Step 7. Specify the intervention content by BCTs

The BCT Taxonomy v1 (BCTTv1) [54] was applied to select BCTs judged to be suitable to deliver the content in the app given the key targets and intervention functions. The BCTTv1 is a comprehensive taxonomy, which has been systematically developed based on expert consensus. It provides a cross-domain and hierarchically structured list of 93 distinct BCTs, each with a label, definition and example.

Step 8. Translate the intervention content into app features

Translating the intervention content into app features involved repeated discussions between members of the research team and the app development team. Several iterations of SmokeFree Baby were produced until agreement was reached that both the general app features and core modules could deliver the intervention content as intended, and the features were feasible to implement in terms of computer programming.

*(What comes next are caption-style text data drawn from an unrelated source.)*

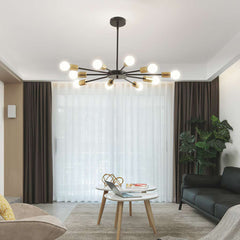 Chic Black Sputnik Semi Flush Chandelier Ceiling Light Living Room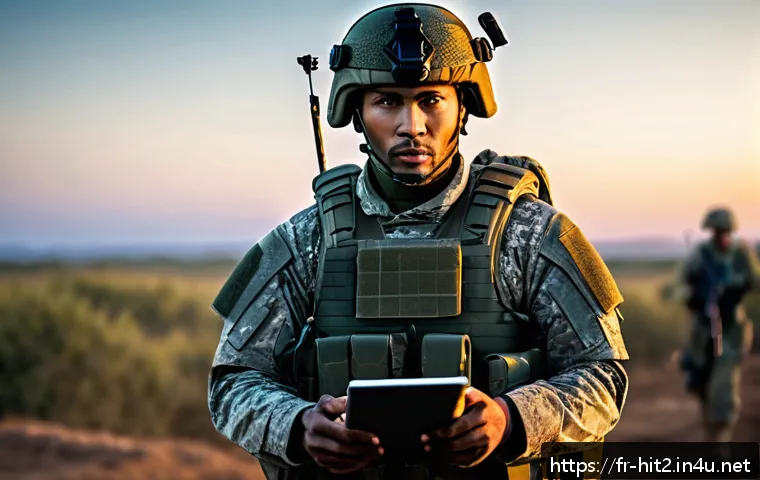 히트2 계급별 특전 분석 - A tactical military commander standing confidently on a rugged battlefield at dusk, wearing advanced...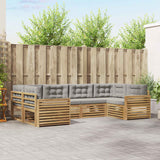Set di divani da esterno 6 pcs Bianco e Grigio Chiaro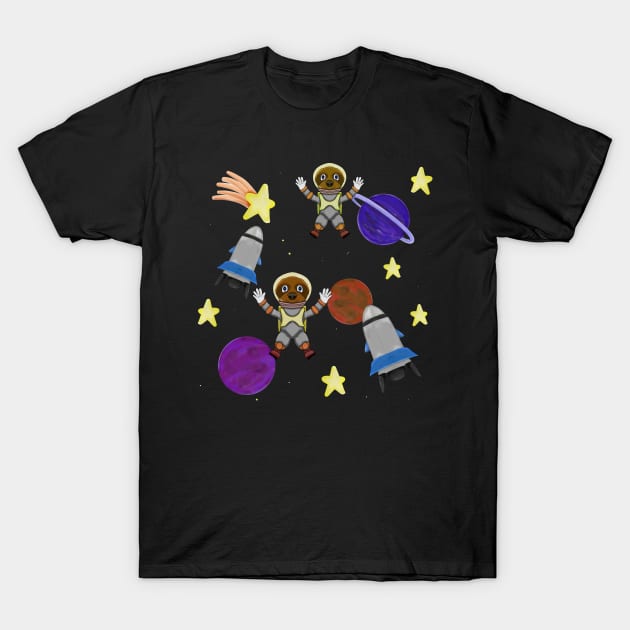 Cosmos sloths pattern T-Shirt by Antiope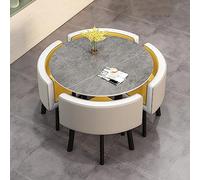 Moderno juego de mesa de comedor redonda con 4 sillas, mesa de reunión de negocios y silla para pequeñas tiendas y oficinas, superficie de piel sintética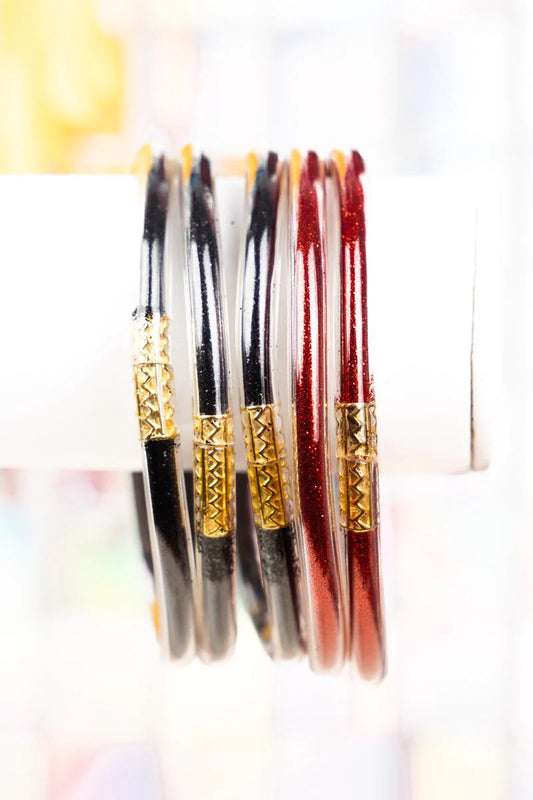 RED AND BLACK GLITTER JELLY TUBE BRACELET SET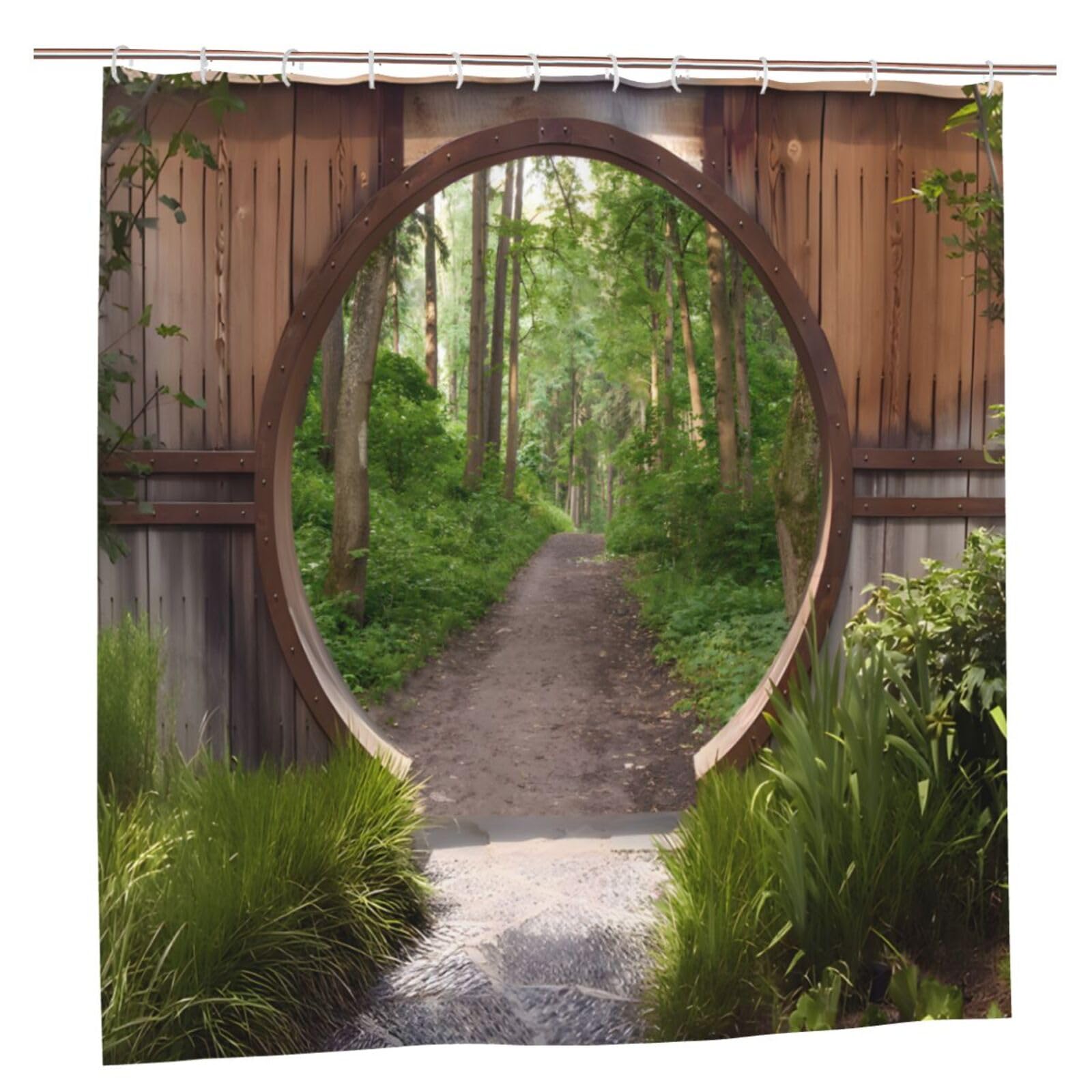 Japanese Garden Shower Curtain – Waterproof Polyester, 71x71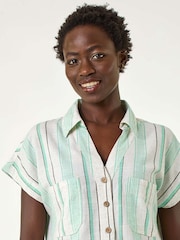 Roman White/Green Verticle Stripe Short Sleeve Shirt - Image 4 of 5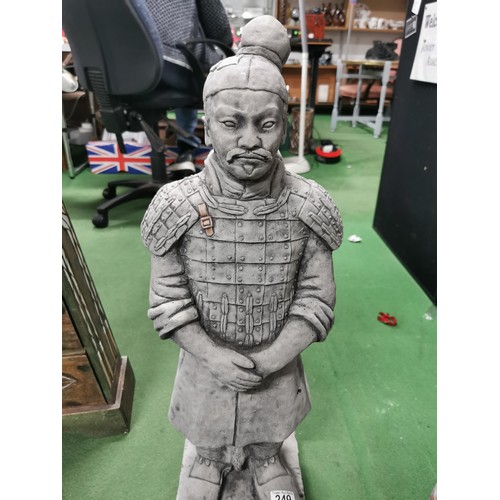 249 - Large concrete terracotta army figure in very good order, well detailed jacket. 74cm height x 20cm s... 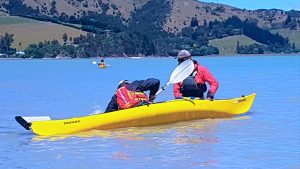 Rolling a sea kayak training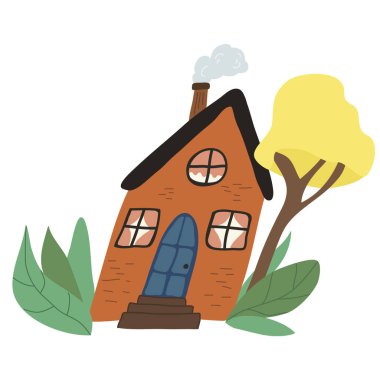 Cute brick house. Flat cartoon illustration in scandinavian style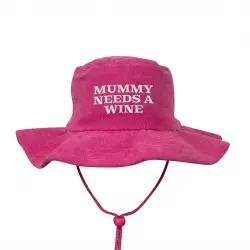 MUMMY NEEDS A WINE PINK STONEWASHED WIDE BRIM HAT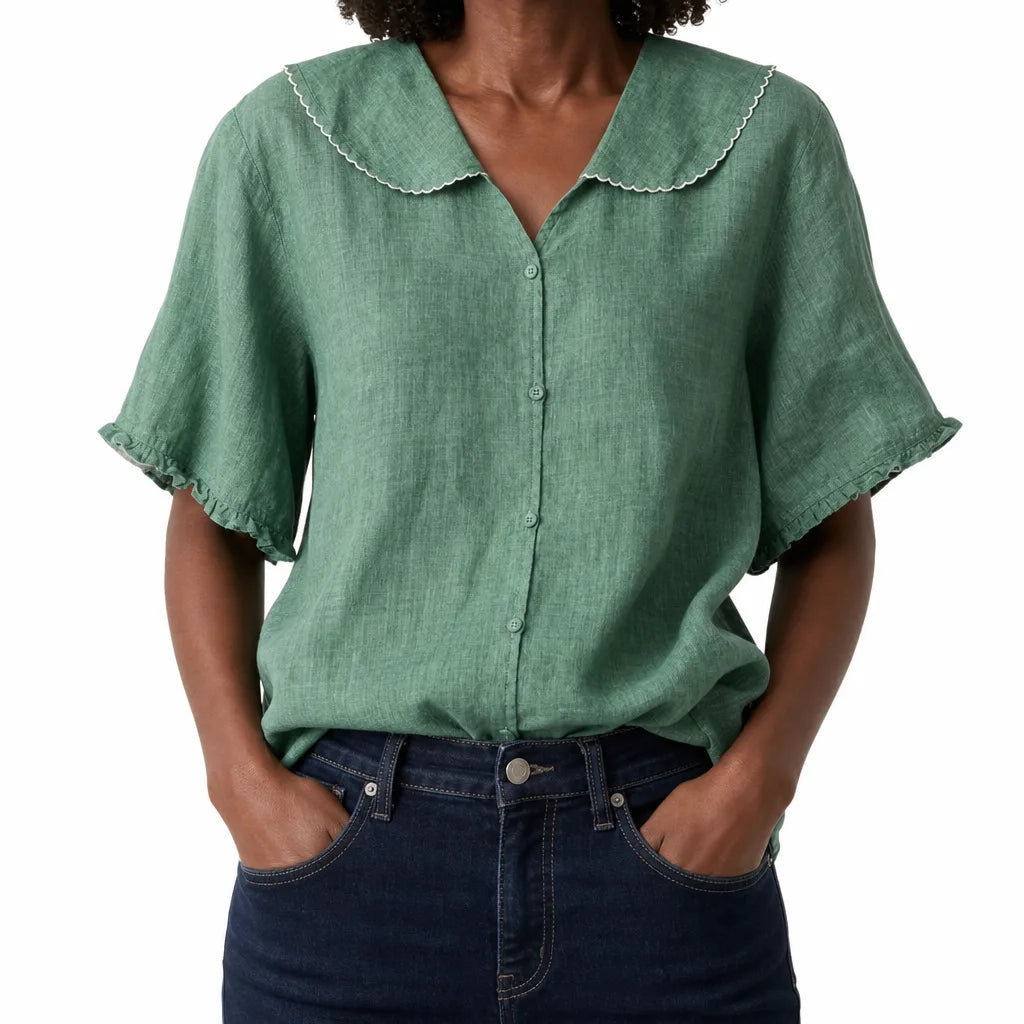 Vienna Cotton Blouse - Color:Green;Size:S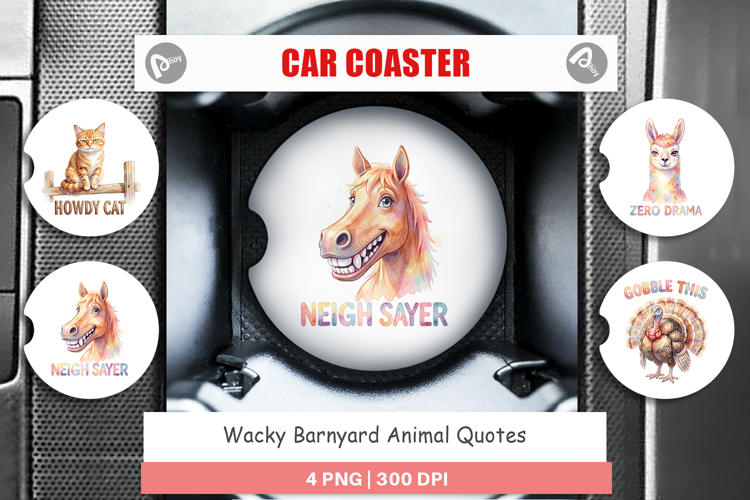 Wacky Barnyard Animal Quotes Car Coaster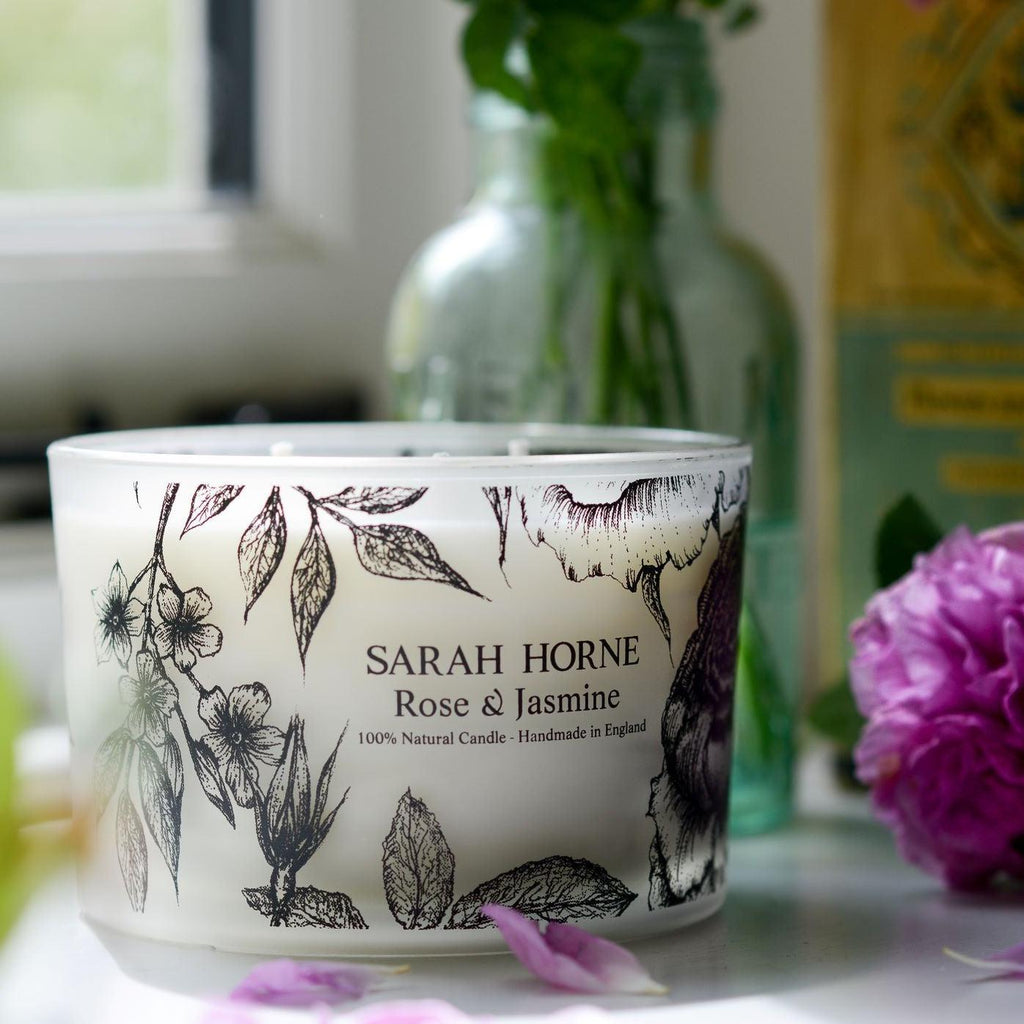Rose & Jasmine 3-Wick Candle - Sarah Horne Botanicals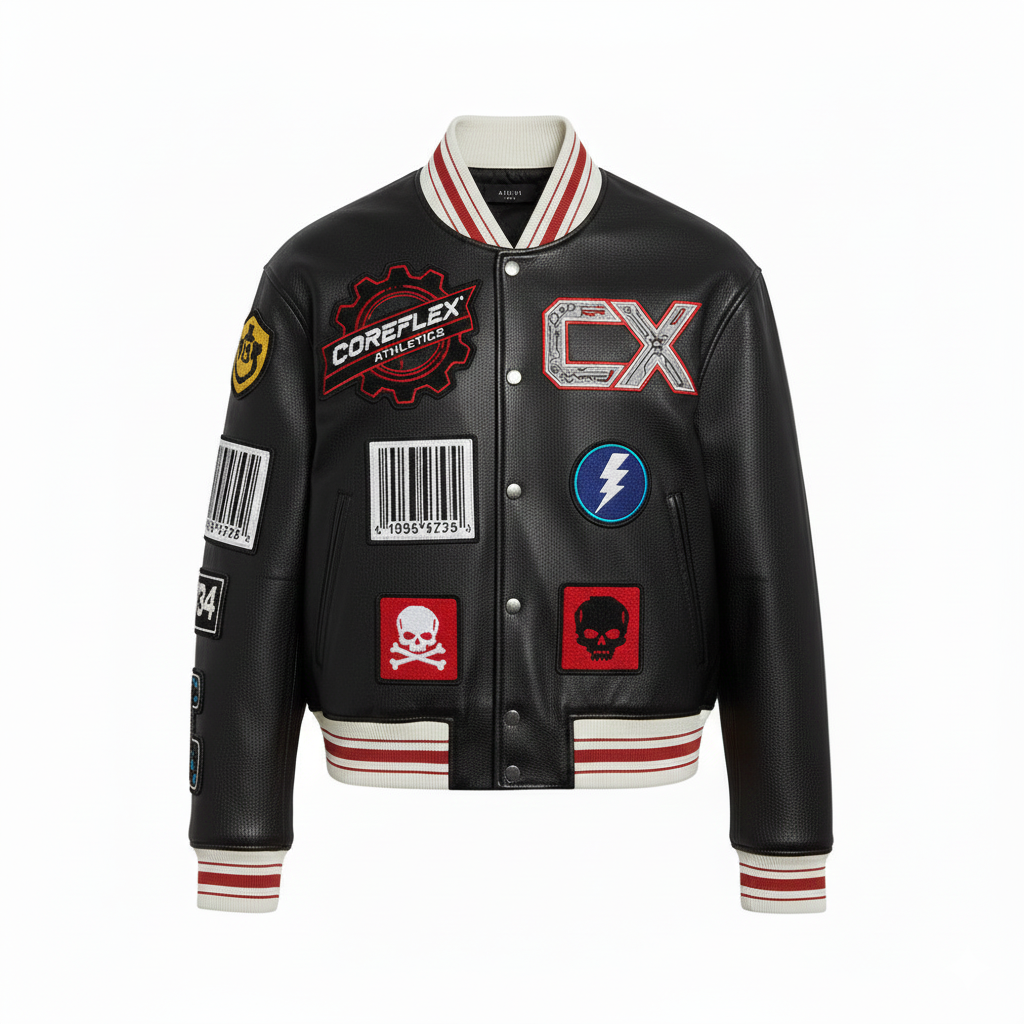 Black leather jacket with various patches and logos on a white background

Step 9. Design a prototype intervention

To promote user engagement, design strategies relating to persuasion (e.g. aesthetics, reminders) and usability (e.g. easy navigation) were applied [55]. Principles that informed the design of the app reported the supplementary tables (Table S2). Twenty-three principles were adopted from the development of the ‘StopAdvisor’ smoking cessation Web site [56] (e.g. the text for the app was edited by a professional writer to ensure that it was as brief as possible and easy to understand). Three principles were adopted from a study exploring optimal features of health-related Web sites [57] (e.g. keep the background questionnaire short and present it with a progress bar in order to minimize respondent burden and avoid early dropouts). Two principles were identified in a study soliciting HCPs’ recommendations regarding digital aids in pregnancy [52] (e.g. provide daily tips). The research team identified further eight principles, such as using push notifications, placing greater emphasis on the full modules by including visuals and interactive elements and using text only in the control versions. The app development team was provided with an intervention specification document detailing the content, design and operation of specific app features.

Step 10. Pilot the app

The content of the app was checked against the intervention specification by IT. In order to test all features in an iterative manner and identify and fix programming bugs, an initial user testing was also conducted within the research team and with a convenience sample of non-pregnant users (n = 6). Everyone was given access to a test version of the app and was asked to email comments and feedback on the app to IT. Following discussions within the research team, the app was refined before its launch. A number of modifications were made to correct errors (e.g. correct feedback on progress), amend the design (e.g. increase font size), improve user experience (e.g. improve navigation within built-in features) and ensure the stability of the app on different iOS and Android software versions.

Results

The SmokeFree Baby app has been designed to help pregnant smokers stop smoking or cut down. It provides automated support throughout pregnancy without face-to-face contact and includes general app features and five core modules (each in a control and full version). Each module has a specific topic, and within each module, various BCTs are used to deliver the intervention content accordingly. Sample screenshots of the app are reported in the supplementary files (Fig. S2), and details of the content are discussed below.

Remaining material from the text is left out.